OnStar recently raised hackles in the privacy community with revisions to its privacy policy. Now, members of Congress have taken up the issue.
Sen. Charles Schumer, D-N.Y., has asked the Federal Trade Commission to investigate the new policy on the grounds that it may be an unfair or deceptive trade practice.
The company’s new terms are “one of the most brazen invasions of privacy in recent memory,” he charged.
“I am concerned that OnStar may be abusing the consumer data — including sensitive information like vehicle location and speed — to which it has access,” Schumer wrote to the FTC. “These changes put consumers at risk for having sensitive personal data collected and shared without their knowledge.”
Schumer’s office did not immediately respond to the E-Commerce Times’ request for further comment.
“We are always very specific about with whom we share customers’ personal information, and how they will use it,” said OnStar in a statement provided to the E-Commerce Times by spokesperson Adam Denison. “We have never sold any personally identifiable information to any third party.”
Customer for Life
Two changes to the policy are particularly troublesome.
One is that when a customer cancels the OnStar service, the two-way communications system may continue to track the automobile via the still-active link. OnStar has clarified the policy, explaining that customers have to specifically ask that the two-way connection be shut down when the service is canceled.
The second point is that OnStar is now reserving the right to share any data it collects — including data from subscribers who canceled the service but didn’t take the extra step to shut down the two-way connection.
That data — which OnStar says will be collected only on an anonymous basis — is very revealing about a driver’s habits. It includes speed and location, odometer readings, seat belt use and air bag deployment.

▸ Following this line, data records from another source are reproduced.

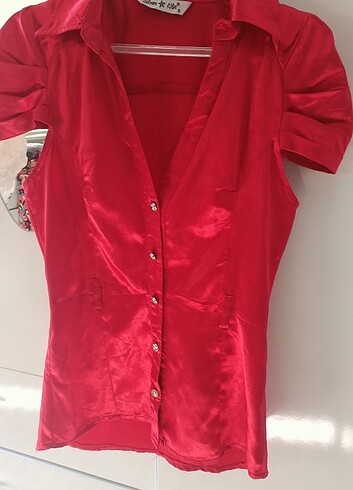 Vintage kırmızı saten gotik gömlek - Görsel 3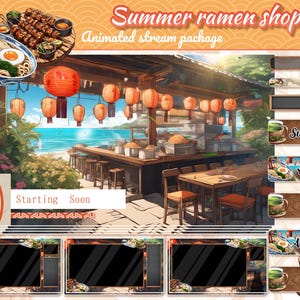 Summer Ramen Shop Animated Twitch Overlay Package (Digital Download)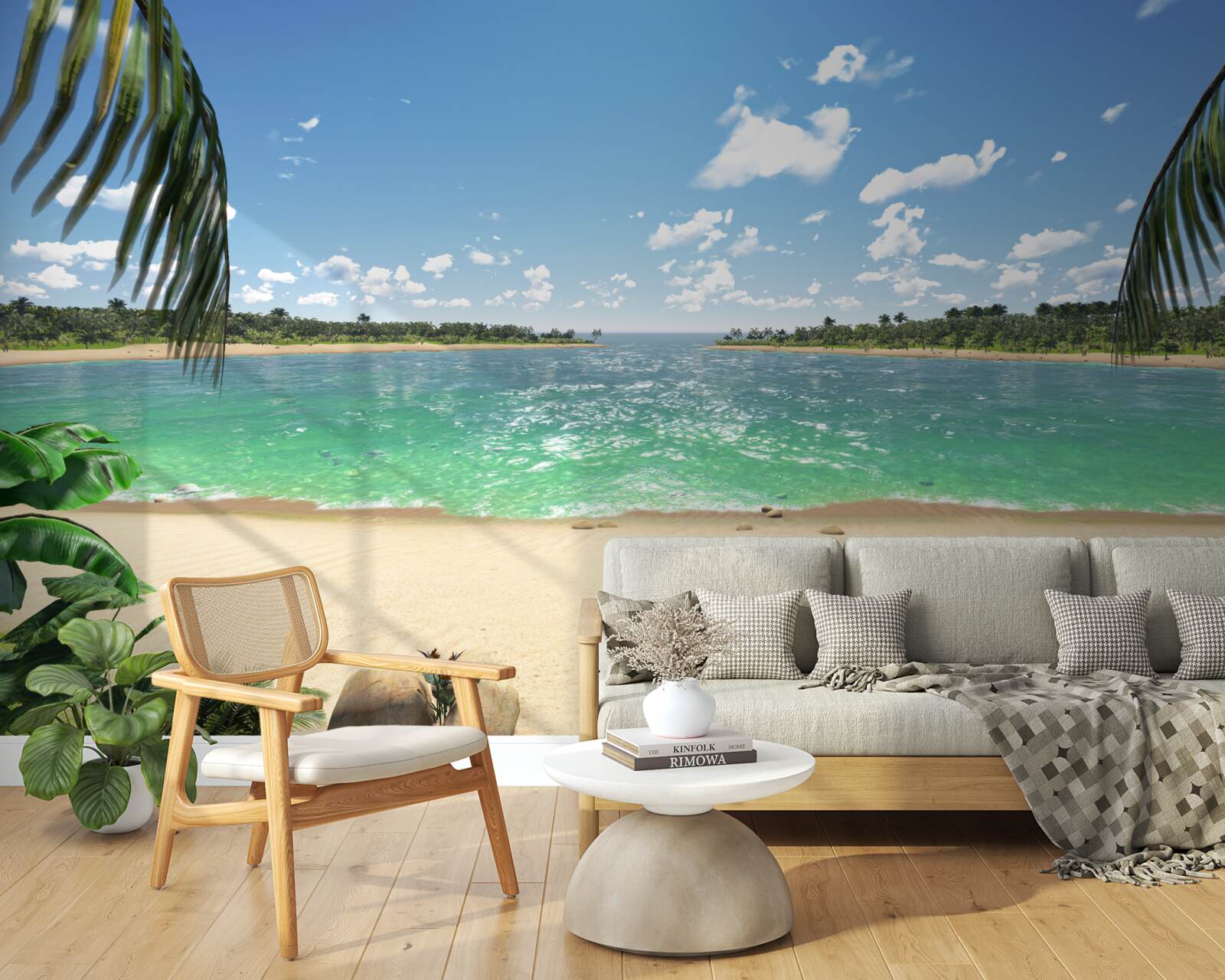 Fotobehang strand met goudkleurig zand voor de turquoise kust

OnStar has said one use of the data would be to study traffic flows.
However, there could be other possibilities that aren’t quite so neutral. The data could also be marketed to third parties — insurance companies, for example.
Extraordinary Breach
All in all, privacy advocates are appalled.

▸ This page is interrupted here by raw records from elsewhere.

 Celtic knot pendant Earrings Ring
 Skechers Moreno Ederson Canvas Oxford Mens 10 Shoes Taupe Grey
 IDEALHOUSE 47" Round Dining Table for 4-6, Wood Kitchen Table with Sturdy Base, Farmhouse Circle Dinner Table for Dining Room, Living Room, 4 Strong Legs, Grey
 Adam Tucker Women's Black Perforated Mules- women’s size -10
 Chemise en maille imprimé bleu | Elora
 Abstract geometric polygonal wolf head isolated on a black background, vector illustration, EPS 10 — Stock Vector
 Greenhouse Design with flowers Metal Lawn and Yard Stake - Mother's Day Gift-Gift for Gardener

“It is really astounding the rights it is claiming for itself,” Beth Givens, director of policy and advocacy for the Privacy Rights Clearinghouse, told the E-Commerce Times.
“GM has corrupted the customer relationship by continuing the connection,” she said. “What is it about ‘No’ that they fail to understand?”

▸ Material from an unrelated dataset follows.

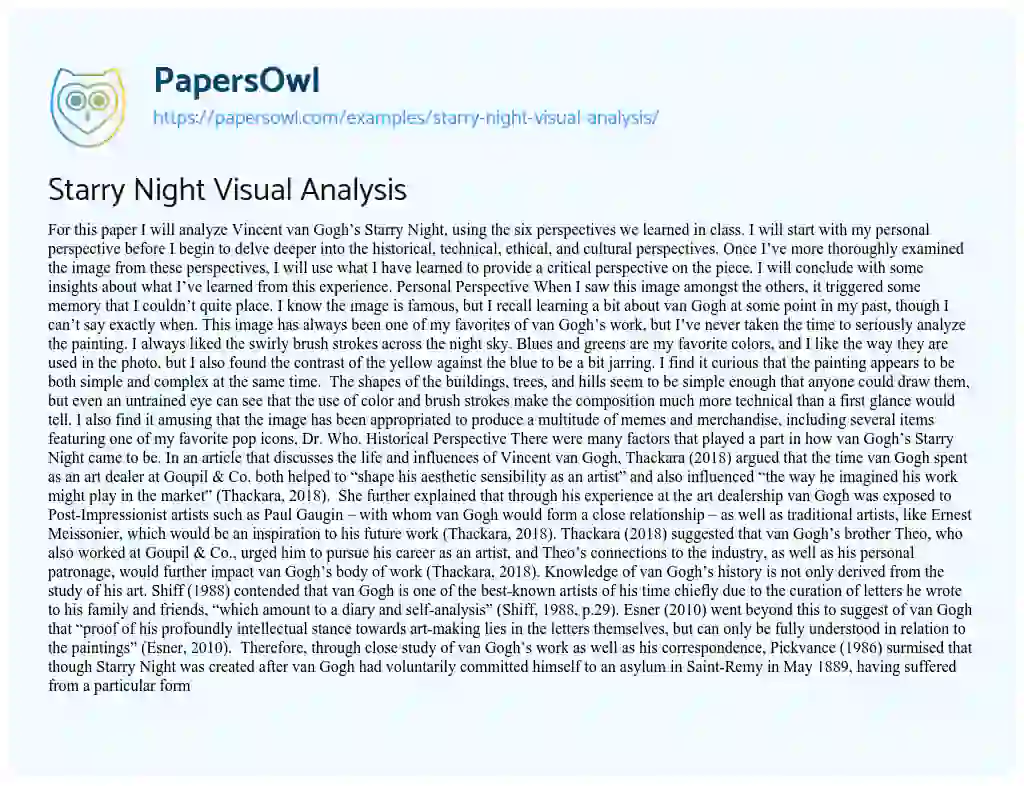 Essay on Starry Night Visual Analysis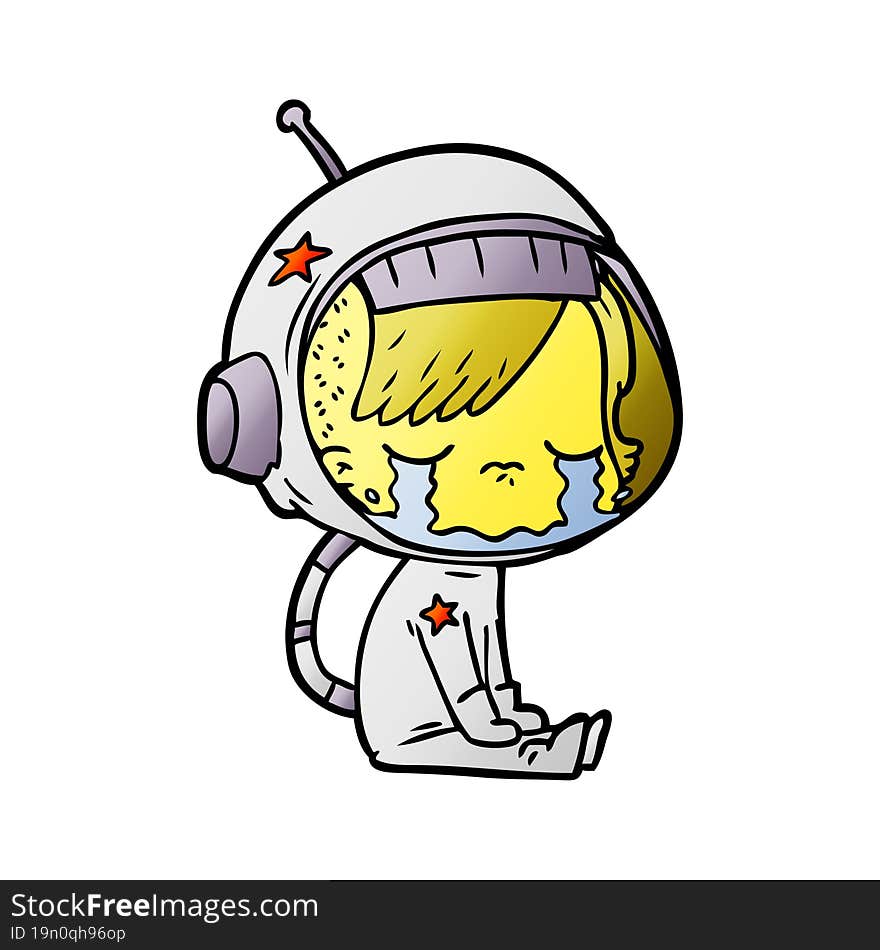 cartoon crying astronaut girl sitting. cartoon crying astronaut girl sitting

The possibility of a congressional inquiry is good news, added Givens. “Usually when a company gets the attention of Congress, that company takes a second look at its practices. Sometimes it is enough to get a company to stop.”
The promise of anonymity is a weak one, she noted, explaining that “considerable research has shown that this data can easily be re-identified.”
OnStar’s contention that is has properly disclosed what it is doing is also suspect, Green Armor Solutions CEO Joseph Steinberg told the E-Commerce Times.
“The reality is people don’t bother reading the fine print in a privacy policy and so don’t realize the consequences,” he pointed out. “Even for people that just skim it, they might not realize that if they turned off the service they still could be tracked.”
OnStar has an obligation to at least spell out very clearly what it is doing and how people can opt out, Steinberg said, if it insists on maintaining the opt-out policy.
“I think when people realize they are having their data collected even after unsubscribing they would handle the unsubscribe process much more carefully,” he said.
Legal Issues
Certainly, when people realize the legal liabilities that this data poses, they will be dismayed. There have been cases of people sued in civil court and prosecuted by so-called black box data in cars that can track this technology, Butzel Long shareholder Claudia Rast told the E-Commerce Times.
“It will be interesting to see how this plays out as the data become less expensive, more ubiquitous and more precise,” she said.
Prosecutors as well as defendants and plaintiffs in civil suits will routinely require this data if it is relevant to their cases, Rast predicted. “I believe it will become a huge component in e-discovery faster than many right now realize.”